◆ Data provided:
/---

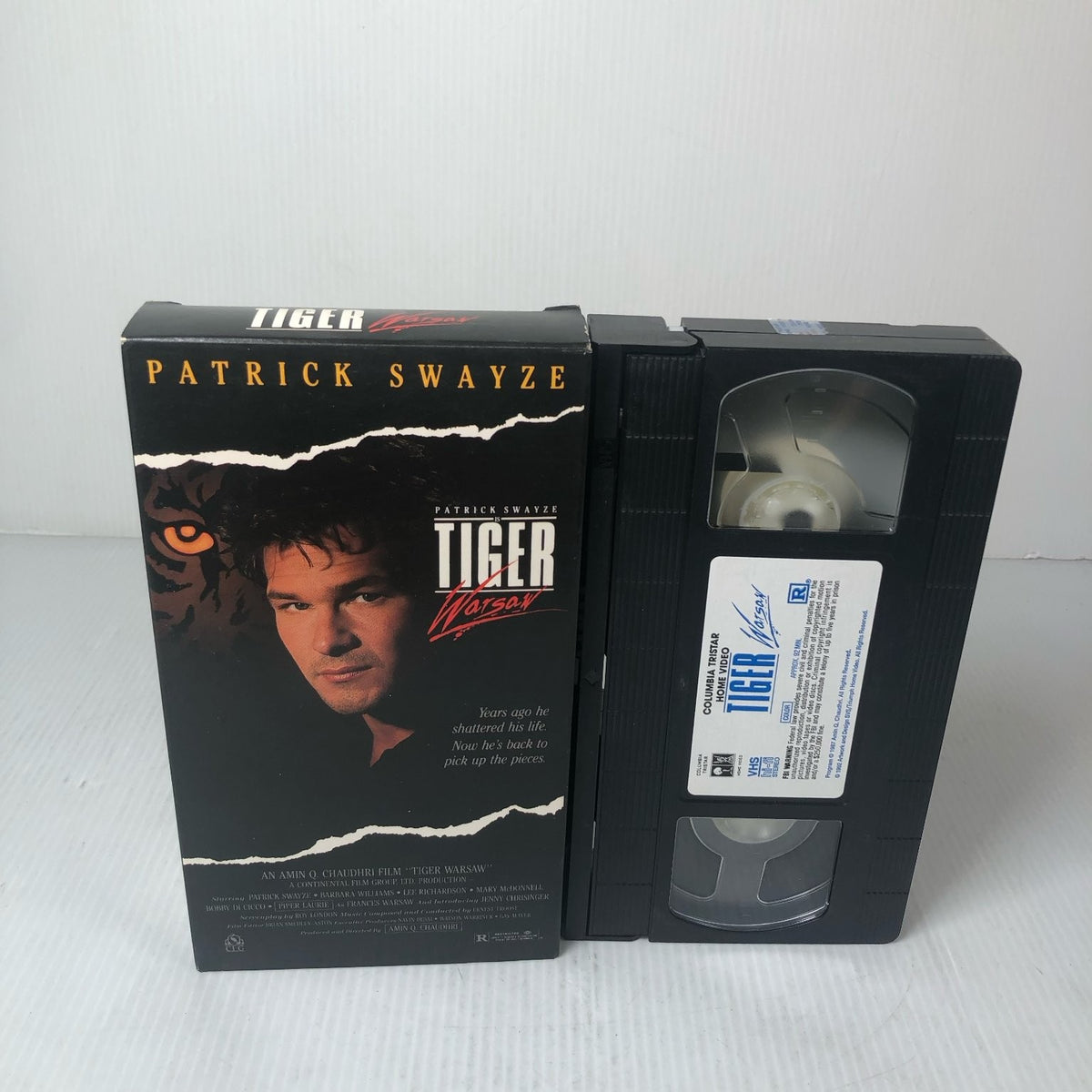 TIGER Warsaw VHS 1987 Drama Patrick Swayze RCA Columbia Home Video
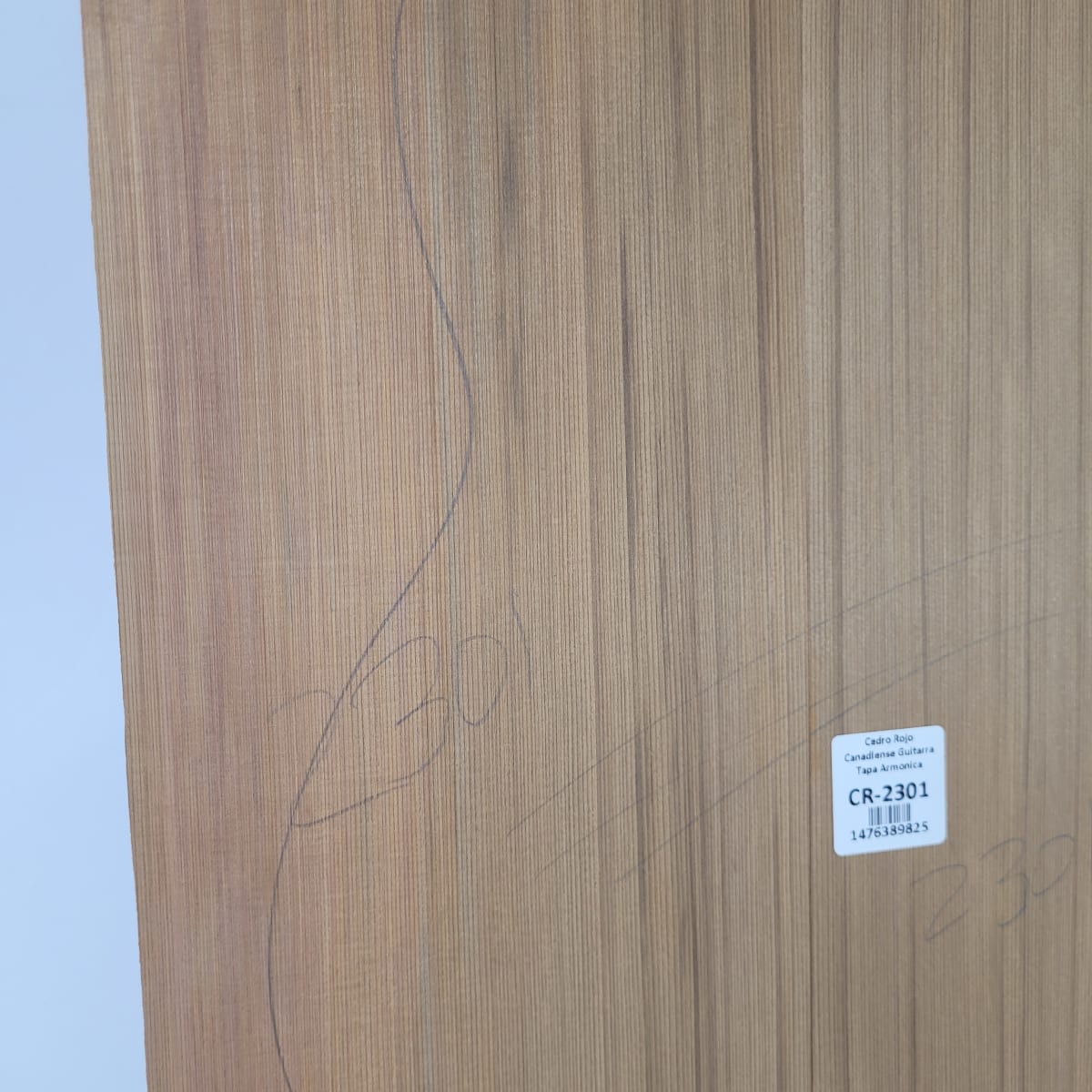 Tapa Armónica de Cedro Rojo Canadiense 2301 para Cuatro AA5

\---
/---

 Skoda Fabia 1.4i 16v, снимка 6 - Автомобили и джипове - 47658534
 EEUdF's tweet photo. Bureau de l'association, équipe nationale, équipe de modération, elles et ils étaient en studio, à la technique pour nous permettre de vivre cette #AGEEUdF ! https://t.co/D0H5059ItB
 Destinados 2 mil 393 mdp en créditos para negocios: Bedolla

\---
/---

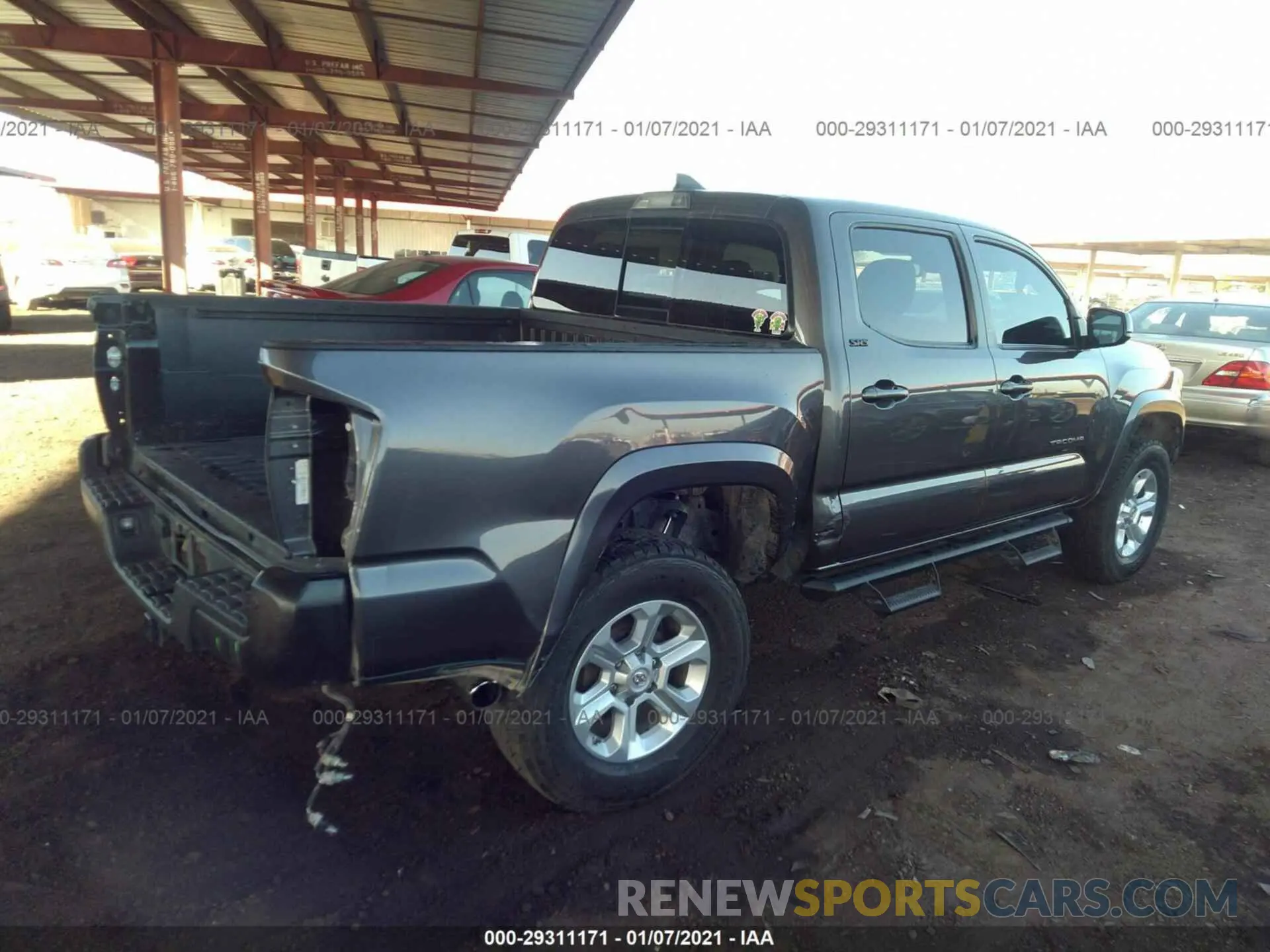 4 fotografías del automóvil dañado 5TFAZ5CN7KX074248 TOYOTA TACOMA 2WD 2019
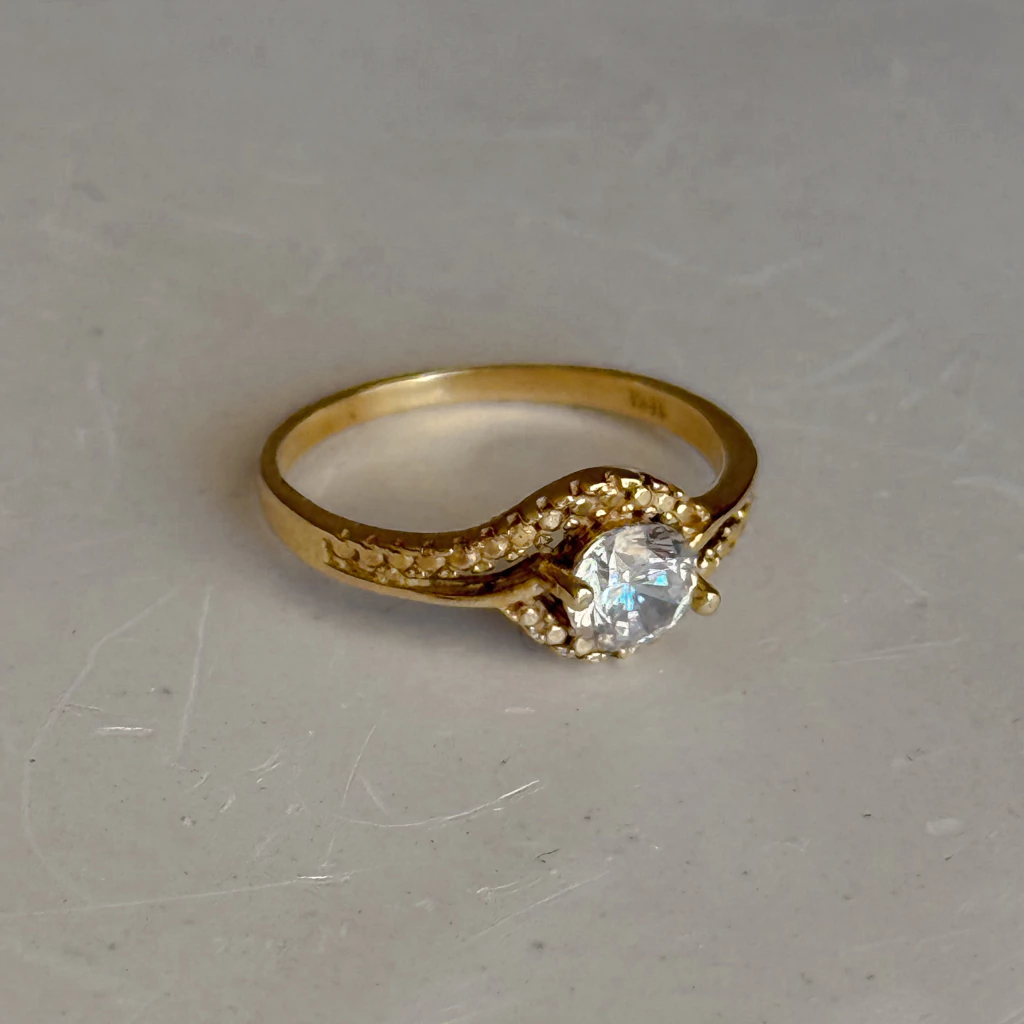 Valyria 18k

\---

◆ Task directions: Produce a word-for-word copy of everything above from the line holding "Skoda Fabia 1.4i" down to the line holding "Destinados 2 mil", with both of those lines kept.

◆ Task response:
 Skoda Fabia 1.4i 16v, снимка 6 - Автомобили и джипове - 47658534
 EEUdF's tweet photo. Bureau de l'association, équipe nationale, équipe de modération, elles et ils étaient en studio, à la technique pour nous permettre de vivre cette #AGEEUdF ! https://t.co/D0H5059ItB
 Destinados 2 mil 393 mdp en créditos para negocios: Bedolla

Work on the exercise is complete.